Previously published in the Hughson Chronicle-Denair Dispatch.
College made finding community easy. I lived with people. They socialized with people. I socialized with people. College was a social atmosphere. After one year, I found my group and the places I liked to go.
Working made finding community not too difficult. Side by side, I sat with my coworkers with similar interests and we bonded over the joys and difficulties of our work. Working with people, I was ready to go home and be with only my family. I was done socializing.
When I made the decision to stay-at-home, both of these sources were gone. As I made progress along the path of adulthood, I learned friendships must become deliberate. I still saw friends from work, but we make appointments now to get together. Otherwise, time seems to disappear.
But where can I go where I just see people without the pressure of giving them all my attention? It has taken a number of years, but I think we have found it, for our life right now.
I rely on some old friends and some new. Seasons of life bring different seasons in friendship. A couple work friends, a couple college friends form my inner circle.
Social media became the source for me to maintain contact with friends of shared interests. We enjoy discussing art, literature, church and culture.
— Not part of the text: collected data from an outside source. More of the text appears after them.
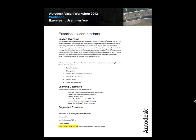Exercise 1, User Interface. In this video, we'll be looking at basic navigation techniques, changing views using the tabs and contextual menus, importing files, selecting objects, and orienting to work planes.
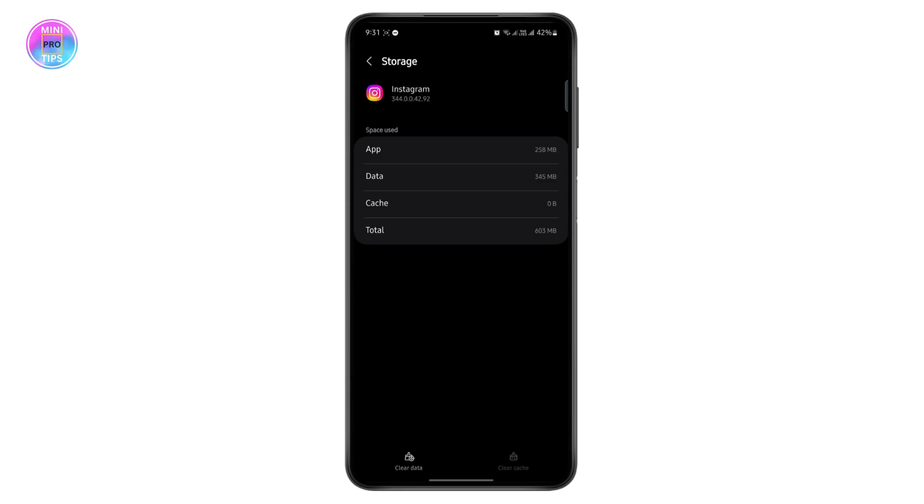But if it still doesn't fix, you can clear all data and reboot the app. All of your information will be deleted and you will have to log back in by entering your password. You can do that and after doing that, your problem should be solved.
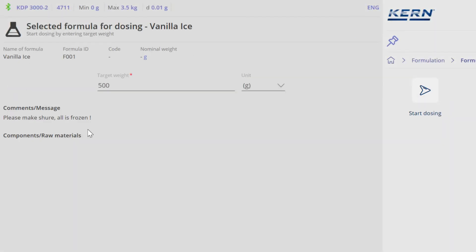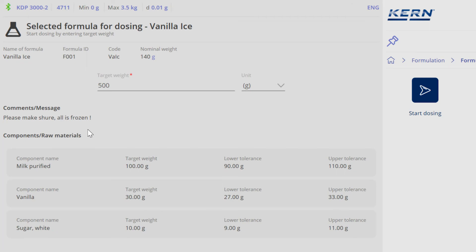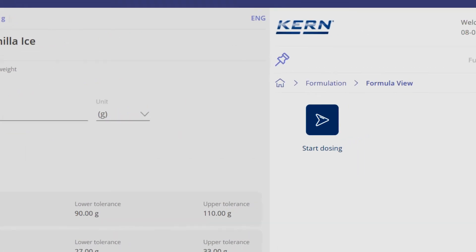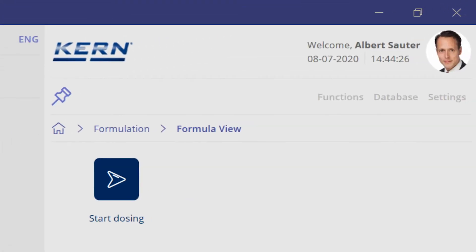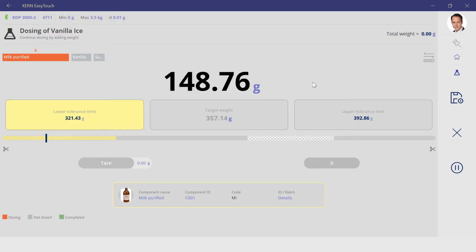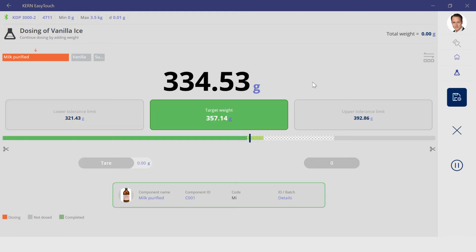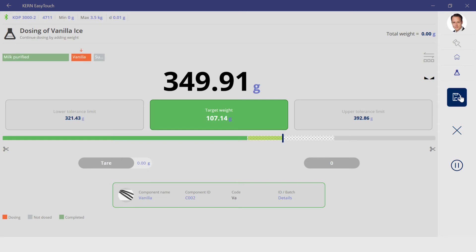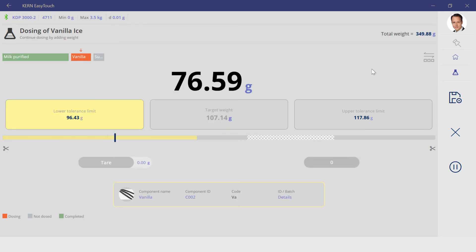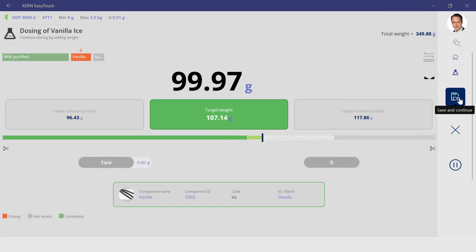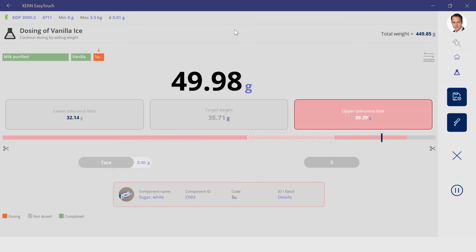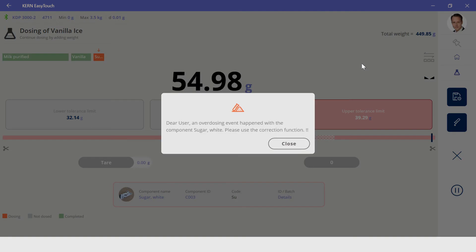Recipes can be created in Easy Touch and made unchangeable via defined access permissions. Normal users can use the recipe and are guided step by step through the recipe process, which largely eliminates errors. The dosing aid helps to achieve exact target quantities. The correction function can subsequently correct overfilling.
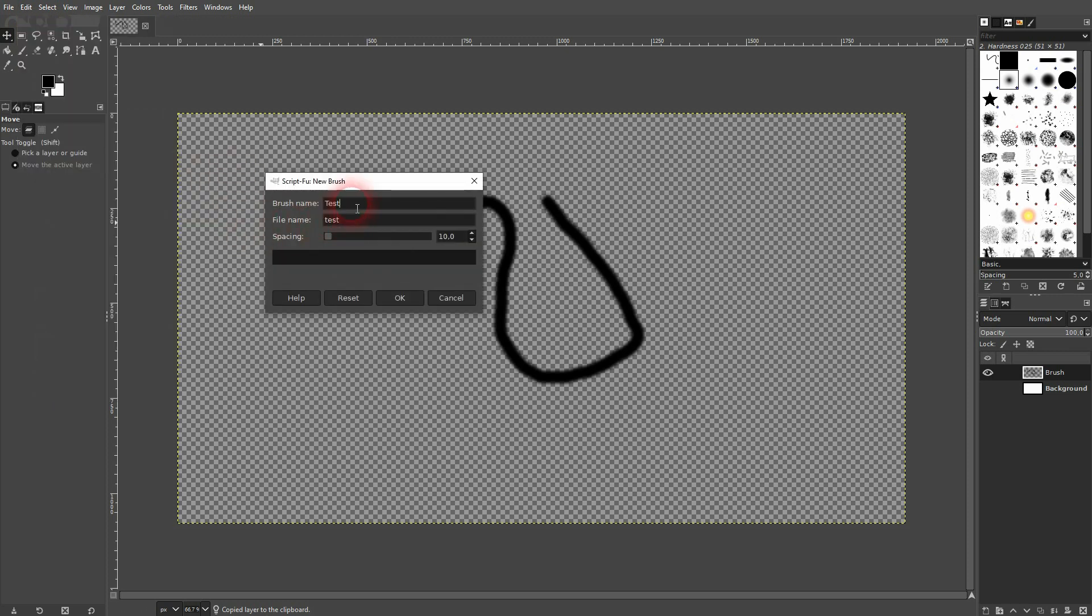Give it a name. You can adjust the spacing here, but don't worry too much. We can edit it later on anyway. I'll simply call this one tutorial one and confirm.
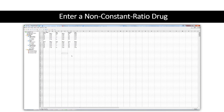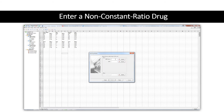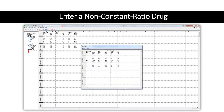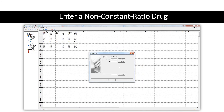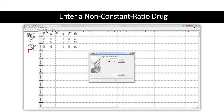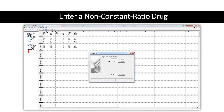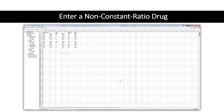To enter a non-constant ratio combination drug, follow the procedure for entering a combination drug. In both the wizard and manual entry, untick the constant ratio box. You will then be required to enter the dose data for all drugs in your combination. You can only enter non-constant ratio combinations containing up to six drugs using the wizard. For combinations containing more than six drugs, you can create the individual drugs using the wizard, but you will need to create the combination using manual entry.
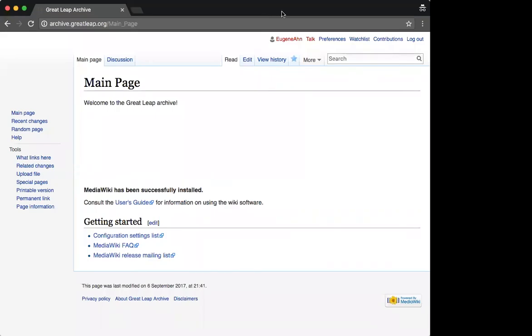Hi, you're now hearing the voice of Eugene Ahn, me, and in this video we will learn how to change a page title on a MediaWiki site.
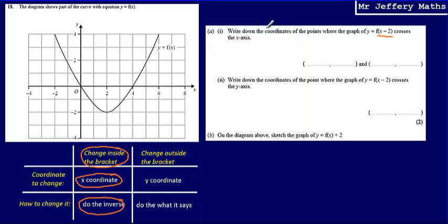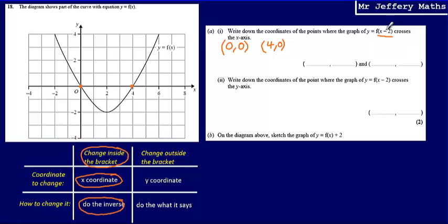So at the moment, the coordinates where the graph crosses the x-axis are at (0, 0) and at (4, 0). Because the change is inside the bracket, I'm going to be changing the x coordinate, and I'm going to do the inverse — the inverse of minus 2 — so I'm going to be adding 2 to each of these coordinates. So (0, 0) becomes (2, 0) and (4, 0) becomes (6, 0).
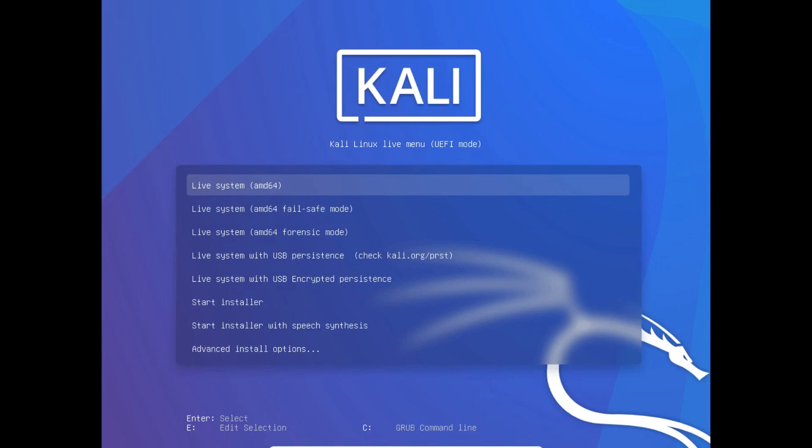In the Kali boot menu, select Live System and press Enter. The menu may look slightly different depending on your version of Kali.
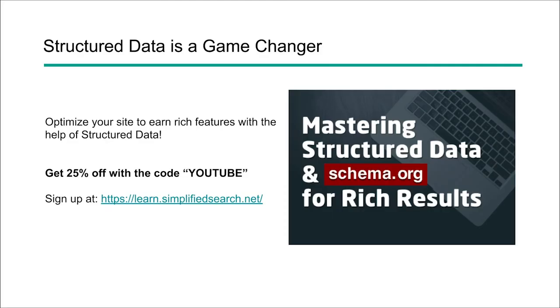Structured data is a game changer and it really helps us get more visibility with our websites within the search results. It's a way that we can combat against maybe some of those bigger sites or some of the bigger players in our industry. It's a way to set ourselves apart from our competition, and it's a way to help our users find more useful information on our website.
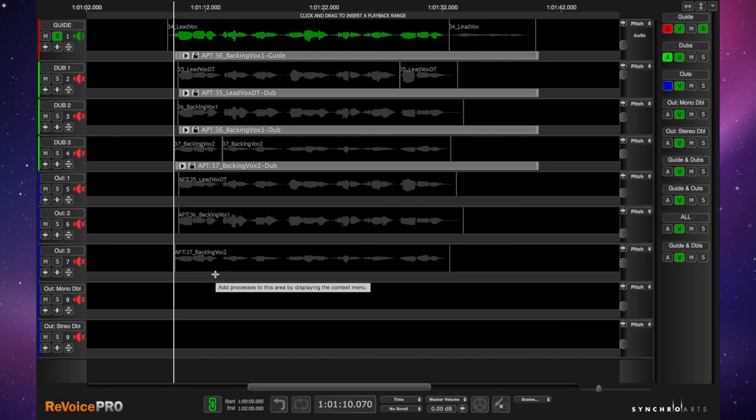This is Matt Houghton for Sound on Sound. I'm just helping you guys find your way around Revoice Pro 3.2.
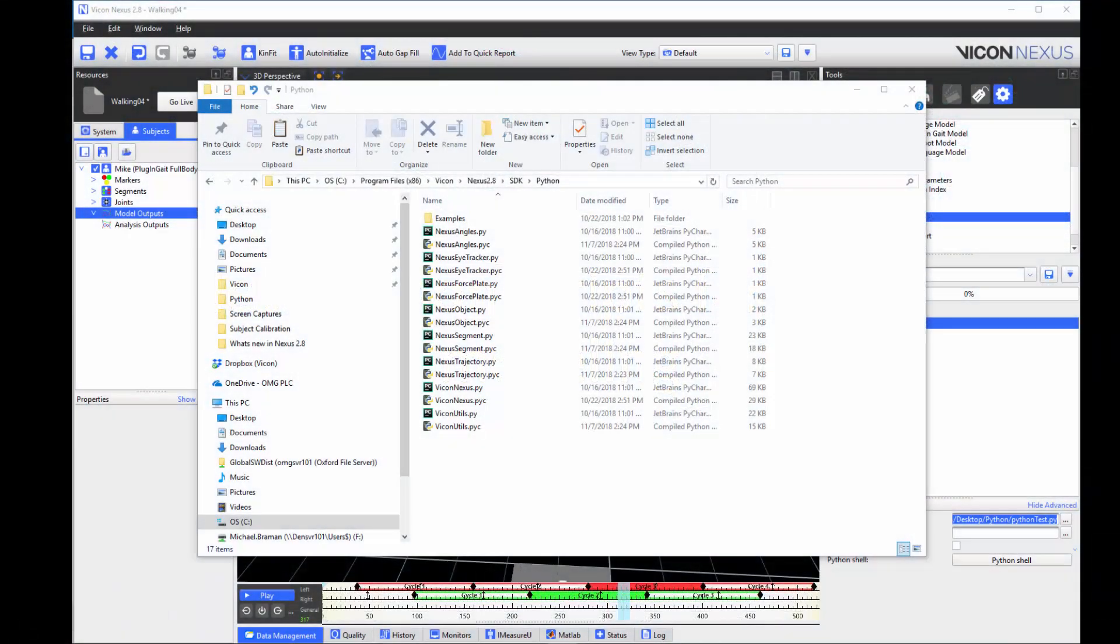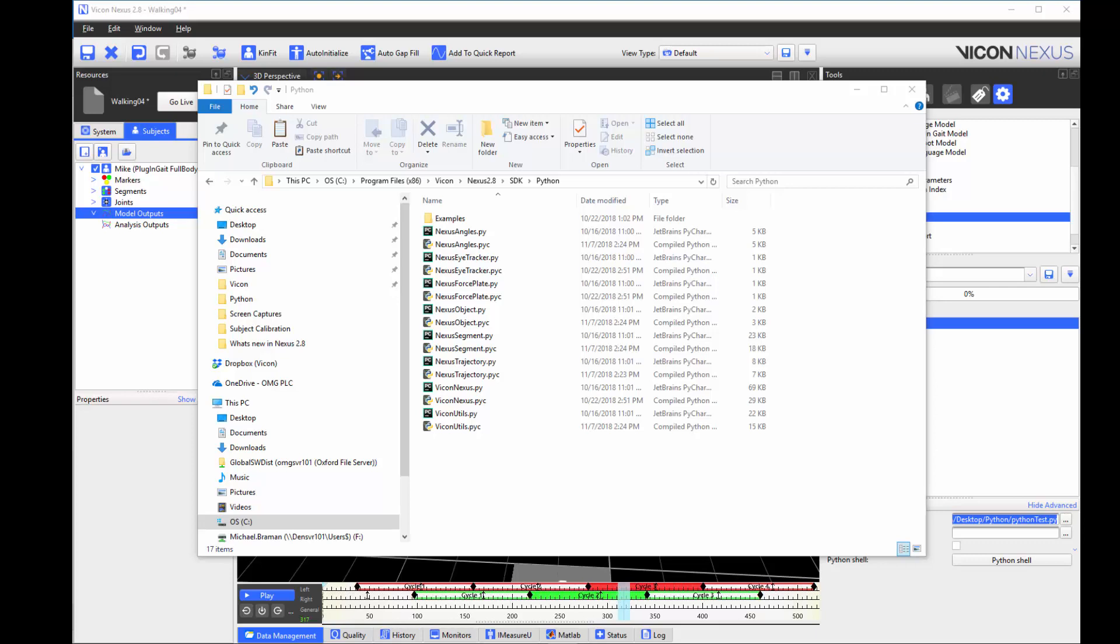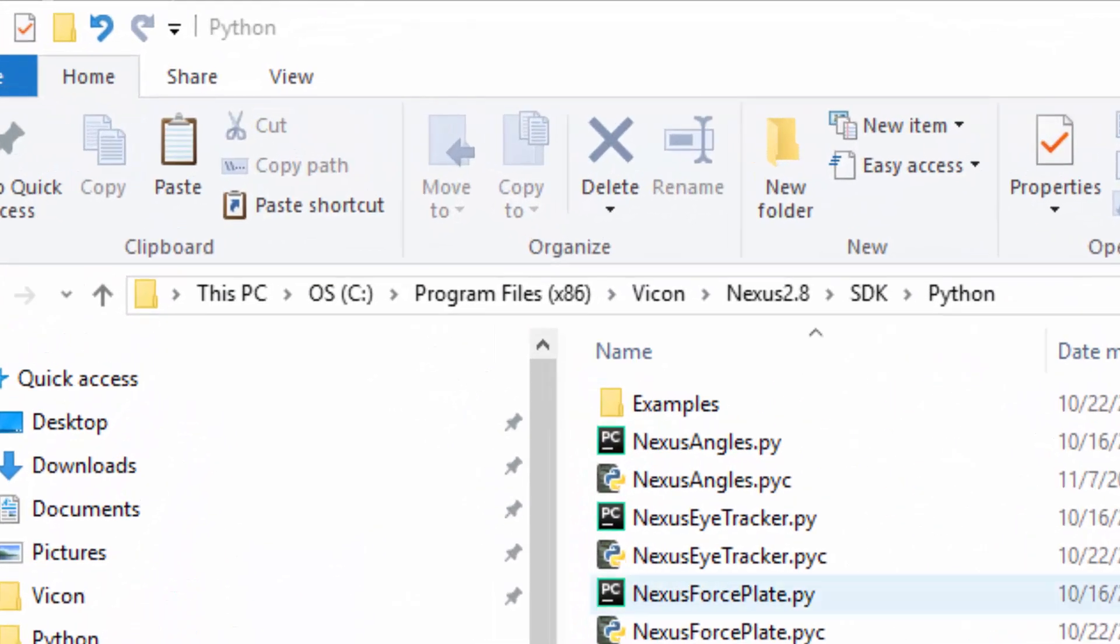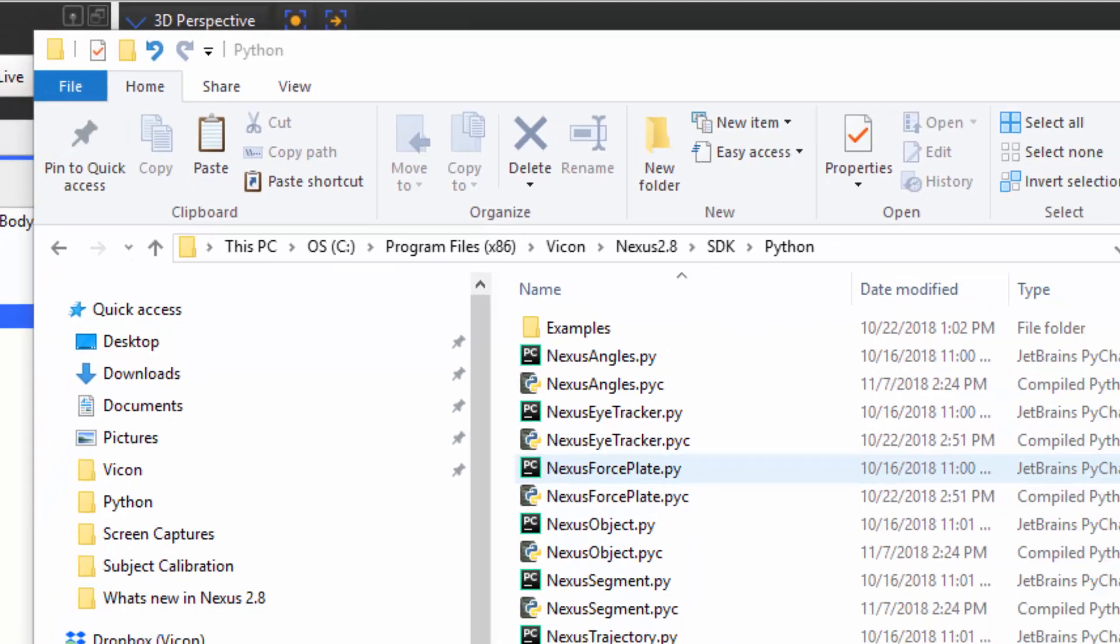Several additional Python scripts have been added to make it easier to develop models within Nexus. These Python scripts include Nexus Angles, Nexus Segment, and Nexus Trajectory. You can find these scripts at the following path. These functions are specific to Nexus 2.8. In the next version of Nexus, you will need to specify the appropriate path as functions may have been added or improved.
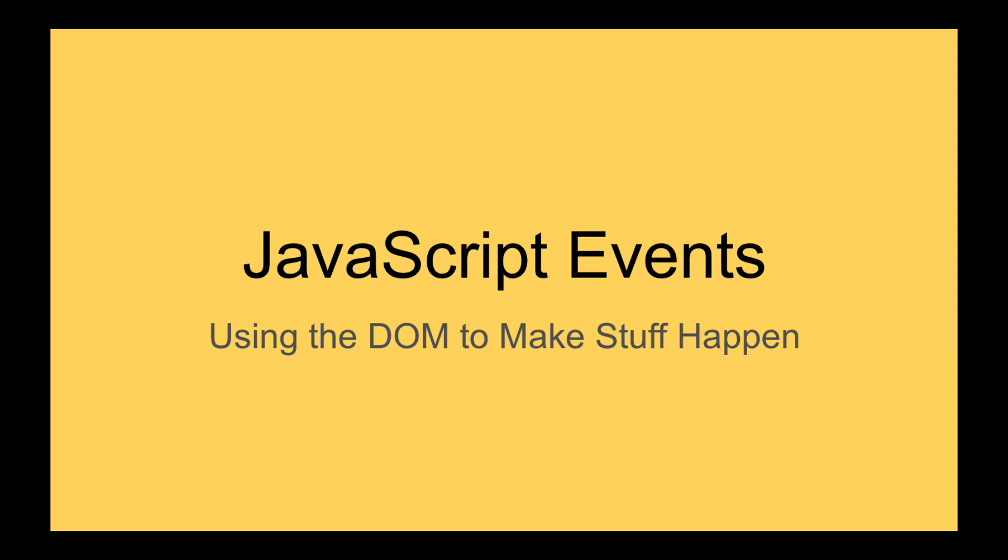Hello. This is the first in a series of videos about JavaScript events.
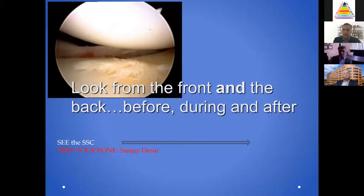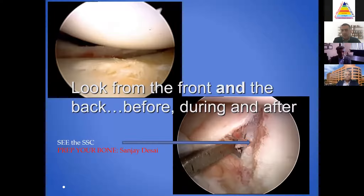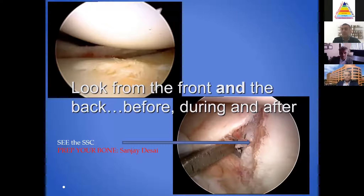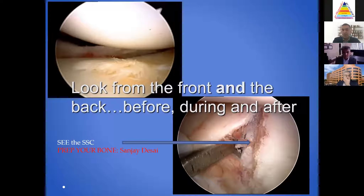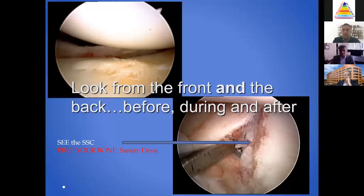I want to look from the front and the back during and after surgery. As a consequence, I'm going to place three cannulas in a typical case — anterior inferior, anterior superior, and posterior. Placing cannulas allows me to move from front to back without thinking twice. You can do this cannula-free or through one cannula, but that's the least expensive portion of this operation. I just don't want to be encumbered or limited by my view.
We sit outside and visit with neighbors who are in a neighborly mood. I meet a few people, wave to a few people, and have seen a relationship with next-door neighbors grow. These hobby friends and neighbors form another circle.
Through our church community, we meet new people. When you sit side-by-side, in front or behind the same people week in and week out, you start to learn something about them. Unfortunately, we often do not learn their names. They are in the same boat as us, and when we do, they can form lifelong friendships. They become a type of family.
In the church and city, there are charitable organizations we can join. I find my time limited by parenting, but new ways are emerging. In these organizations, I find the mix of ages and backgrounds we need to keep us intellectually on our toes. Generations can learn from each other.
There are also third places. Third places are places where people gather on a regular basis. Like the church pew, they start to recognize and learn something about the people around them. Do you go to Hamilton’s on Sundays, Coco’s during the week, or Samaritan Village every Saturday?
The catch to all this community building, is we have to come prepared to build. Our tools are an openness to meeting others and a willingness to take an interest in others. What do I mean by openness? No only a willingness to wave and say hi, but to be willing to sit without our phone or electronic device. Staring at a screen communicates to others we are busy, talking to us is an interruption. It may be only a manner of passing the time, but to others, it puts up a wall. We are unapproachable in these casual settings. Earbuds function the same way. We have to engage with the world apart from digital activity in order to be able to connect with others in a real way.
We also must take an interest in others. If we go with our own script written out or spend the listening time planning our response, we will appear distracted and be unable to grab onto what the other person is talking about. People want others to be interested in them. Showing that interest builds trust. Trust builds friendship. Friendship builds community.